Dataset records

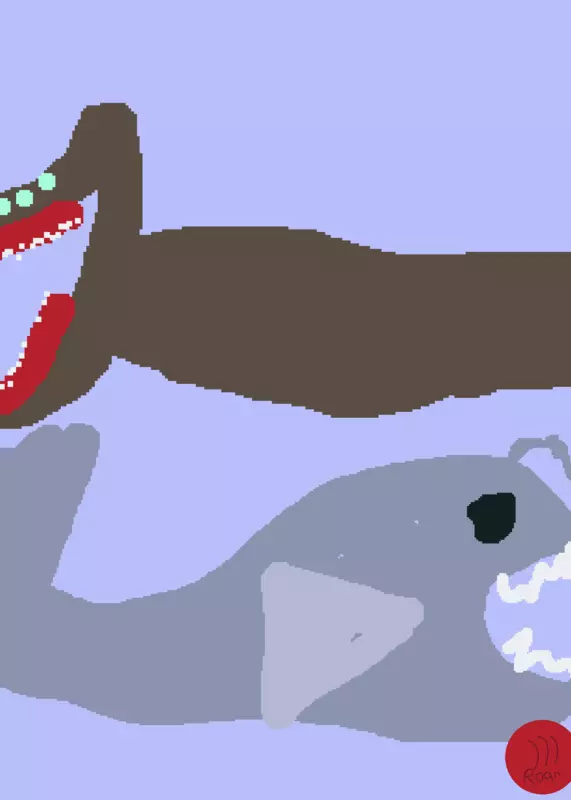 Game by @its-the-rare-bloop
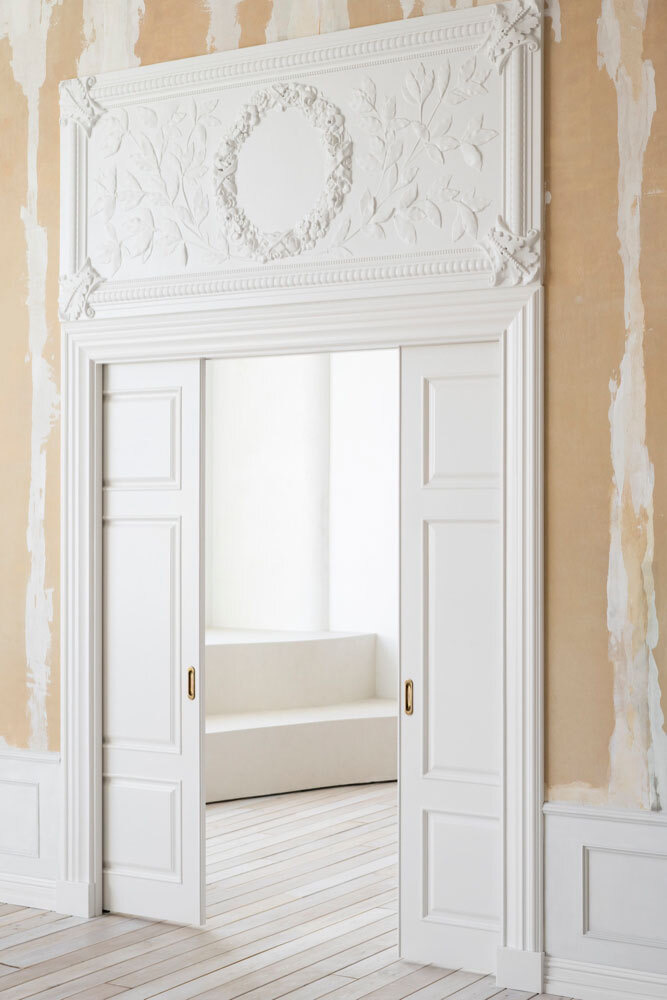 Role of Skirting Boards and Architraves Role of Skirting Boards and Architraves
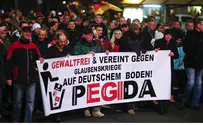 Thousands March Against Islam in Germany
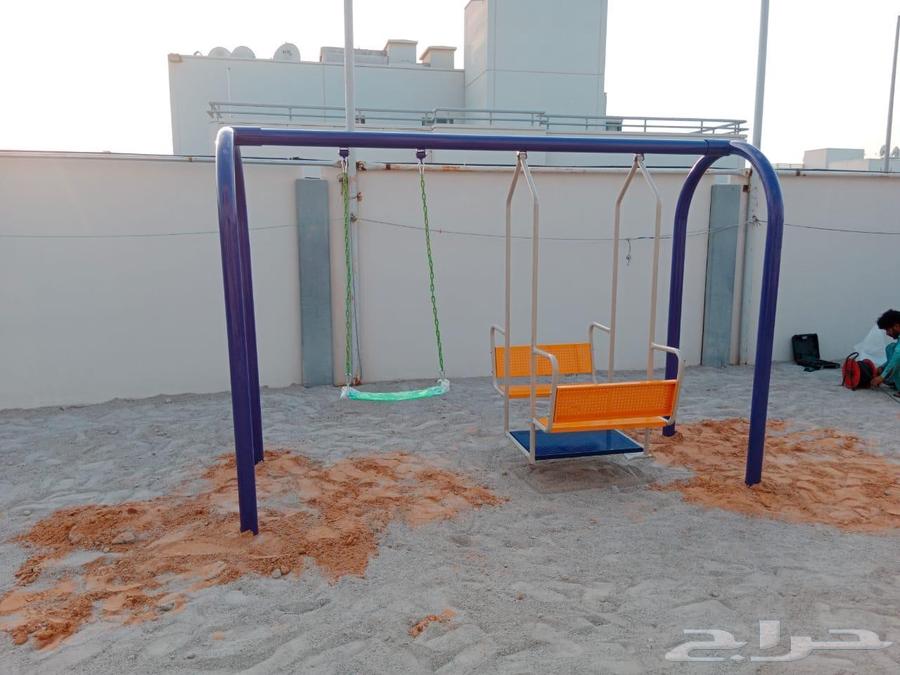 العاب اطفال مراجيح و زحليقه63617268785666114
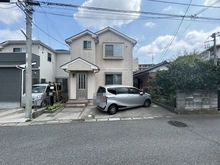 【千葉県/松戸市八ケ崎】松戸市八ケ崎2丁目　中古戸建 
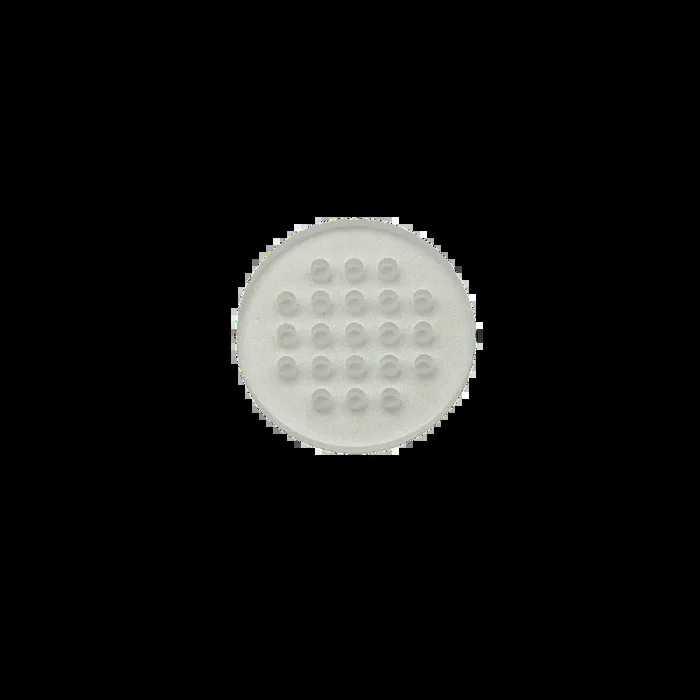 High Airflow Disc for Universal Baller by Terp Chasers Club
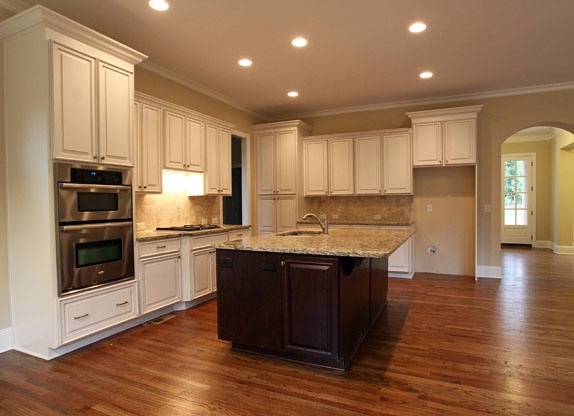 Pretty Kitchen Cabinets 42 Inch 69 Best Kitchens And Dining Rooms Images On Pinterest Atlanta For Brilliant Property Remodel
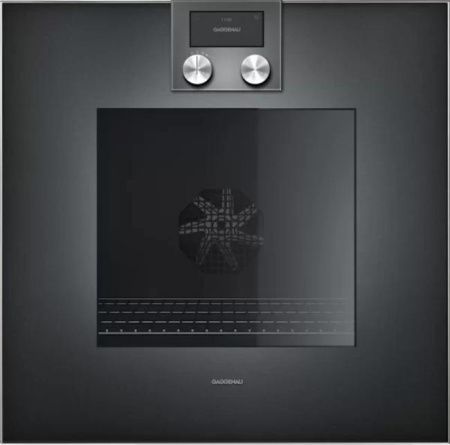 Духовой шкаф Gaggenau BO 421-101 - купить онлайн, цена 299 999 ₽, стоимость доставки по МСК и РФ от 300 рублей, заказать сейчас! Духовой шкаф Gaggenau BO 421-101 купить за 299 999 ₽ в Москве с доставкой по РФ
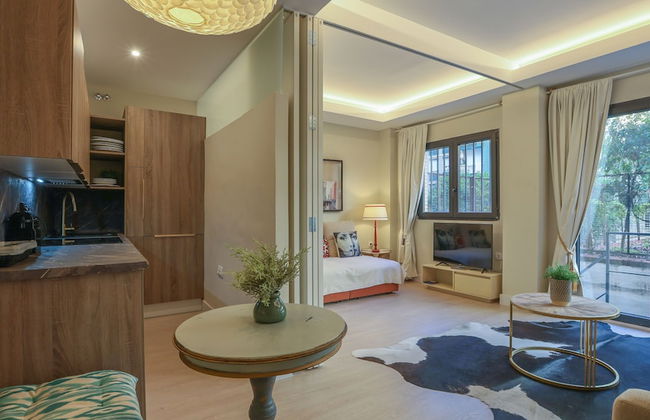 El Alcazar in Sevilla - Foto 11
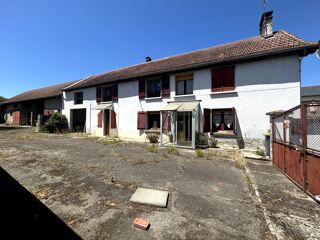  Maison  vendre 6 pices 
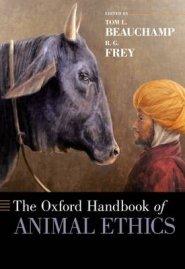 The Oxford Handbook of Animal Ethics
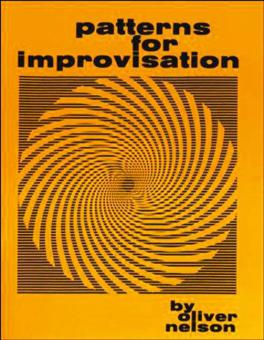 Patterns for Improvisation 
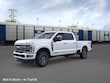 Ford Super Duty F-250 SRW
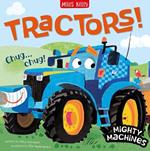 Tractors!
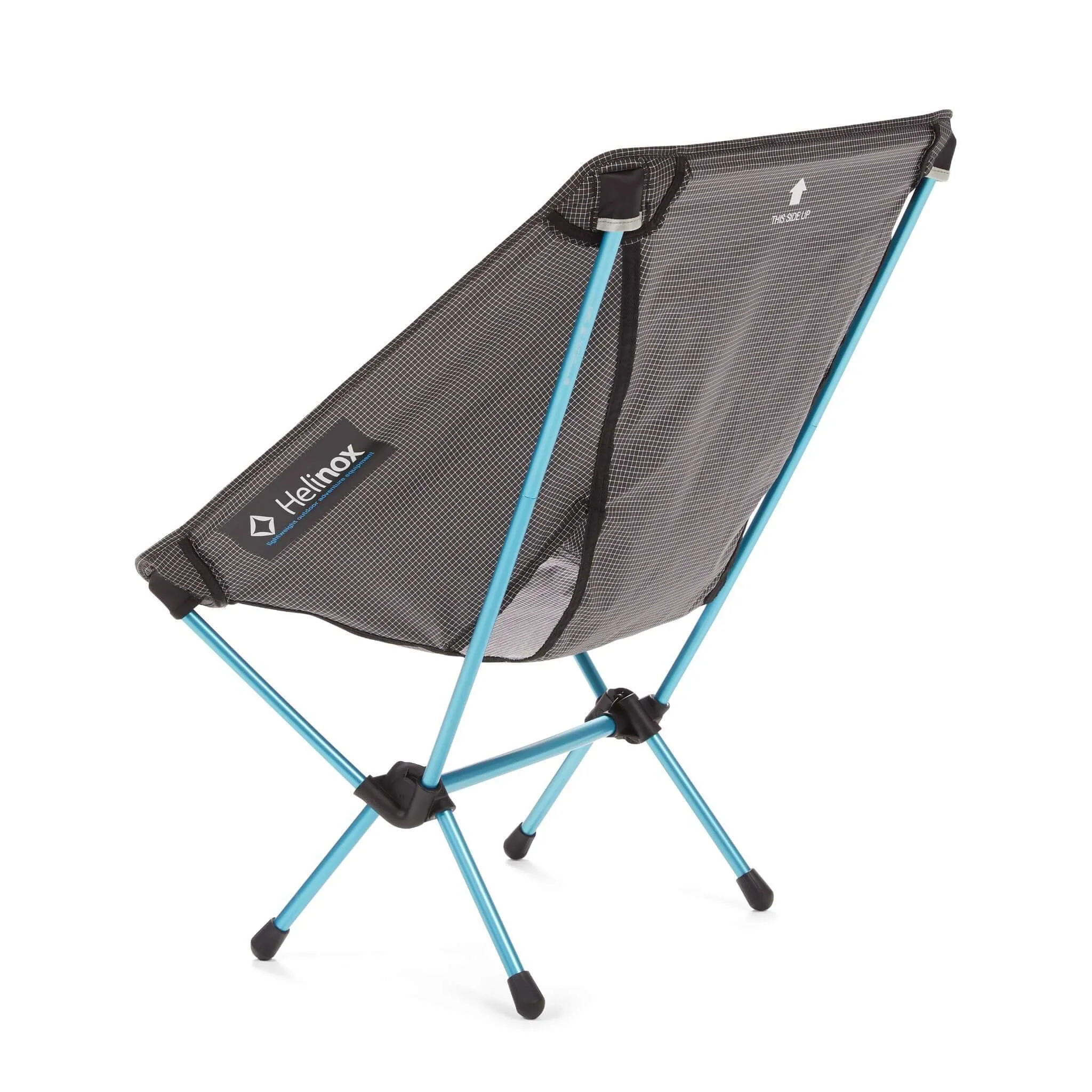 Helinox Chair Zero - the perfect lightweight camping chair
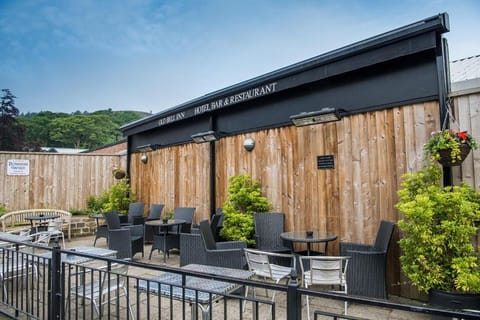 The Old Bell Inn Inn in Delph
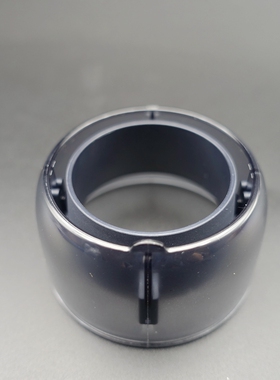 原装全新 松下 电吹风 EHNA0J  风嘴 A W 塑料 集风嘴 透明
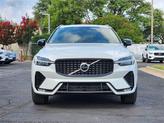 Thumbnail of 2024 Crystal White Metallic Volvo XC60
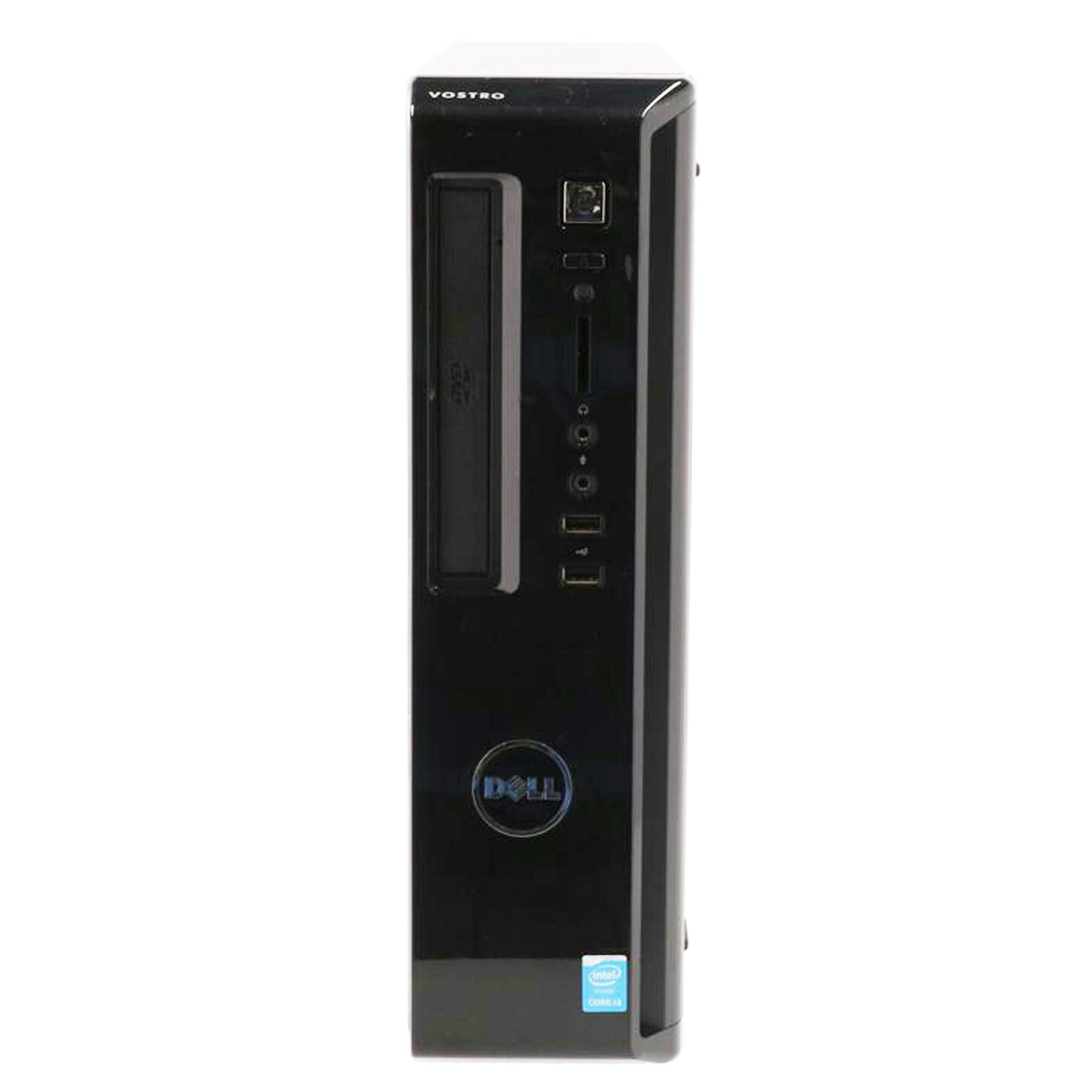 ＤＥＬＬ デル/Ｗｉｎ１０デスクトップＰＣ/VOSTRO 3800//DB8MY42/Bランク/82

→ **Exercise details**
Please return the lines above exactly, with the pictures omitted.

→ **Task solution**
 Game by @its-the-rare-bloop
 Role of Skirting Boards and Architraves Role of Skirting Boards and Architraves
 Thousands March Against Islam in Germany
 العاب اطفال مراجيح و زحليقه63617268785666114
 【千葉県/松戸市八ケ崎】松戸市八ケ崎2丁目　中古戸建 
 High Airflow Disc for Universal Baller by Terp Chasers Club
 Pretty Kitchen Cabinets 42 Inch 69 Best Kitchens And Dining Rooms Images On Pinterest Atlanta For Brilliant Property Remodel
 Духовой шкаф Gaggenau BO 421-101 - купить онлайн, цена 299 999 ₽, стоимость доставки по МСК и РФ от 300 рублей, заказать сейчас! Духовой шкаф Gaggenau BO 421-101 купить за 299 999 ₽ в Москве с доставкой по РФ
 El Alcazar in Sevilla - Foto 11
  Maison  vendre 6 pices 
 The Oxford Handbook of Animal Ethics
 Patterns for Improvisation 
 Ford Super Duty F-250 SRW
 Tractors!
 Helinox Chair Zero - the perfect lightweight camping chair
 The Old Bell Inn Inn in Delph
 原装全新 松下 电吹风 EHNA0J  风嘴 A W 塑料 集风嘴 透明
 Thumbnail of 2024 Crystal White Metallic Volvo XC60
 ＤＥＬＬ デル/Ｗｉｎ１０デスクトップＰＣ/VOSTRO 3800//DB8MY42/Bランク/82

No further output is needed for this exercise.